Preparation time: 45 mins + 6 hours chilling
Makes one 23-cm cake.
| base | ||
| Butter | 110 g, diced | |
| Digestive biscuits | 200 g, finely crushed | |
| Brown sugar | 2 Tbsp, firmly packed | |
| Cornflakes | 50 g, crushed | |
| filling | ||
| Cream cheese | 500 g, diced | |
| Castor sugar | 100 g | |
| Lemon Juice | 1 Tbsp, strained | |
| Bananas | 500 g, mashed | |
| Powdered gelatin | 2 Tbsp, dissolved in 100 ml water | |
| Thickened cream | 300 ml | |
| Dark chocolate | 60 g, grated in chilled | |
| topping | ||
| Butter | 60 g | |
| Brown sugar | 120 g | |
| Whipping cream | 100 ml | |
| Pecans |
60 g, toasted and chopped |
base
- melt butter in pan over low heat. Add combined biscuits,sugar, cornflakes, and mix well. Fry until fragrant.

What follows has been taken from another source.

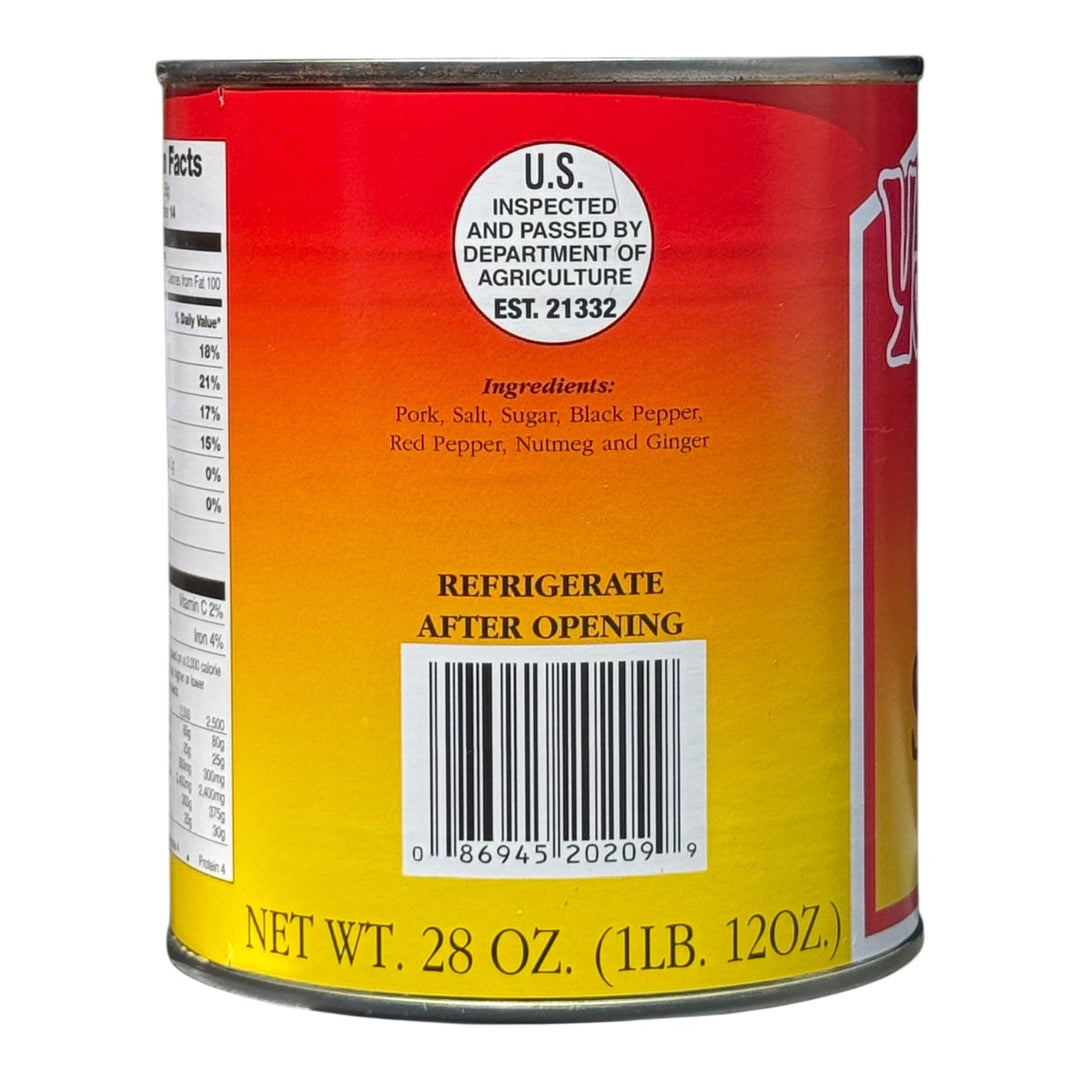 Yoder’s Canned Pork Sausage| 28 oz can | Real USA Pork | Fully Cooked | Shelf Stable Survival Food | 10+ Year Shelf Life | Ready to Eat | Ideal for Prepping, Storage &amp; Camping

- With the back of the metal spoon, press into a greased spring-form or false-bottomed 23 cm cake pan. (Wear a disposable plastic glove if using your hand.)
- Cover cake pan and refrigerate for at least 30 minutes.
filling
- Beat cream cheese, sugar and lemon juice until smooth. Beat in bananas. Add gelatin and mix until combined. Blend in cream. Stir in chocolate
- Pour filling on biscuit base. Cover cake pan. Refrigerate for at least 6 hours.
topping
- Stir butter and brown sugar in a saucepan over low heat until sugar has dissolved. Stir in cream. Bring mixture to the boil. Simmer for 8 minutes without stirring. Remove from heat and transfer mixture to a bowl. Leave to cool.
- Transfer cheesecake to a serving plate. Decorate with caramel and pecans. Chill before serving.
tips:
for biscuit base, use either pure salted or unsalted butter. Avoid using margarine or butter substitutes because butter affects the taste of the biscuit base.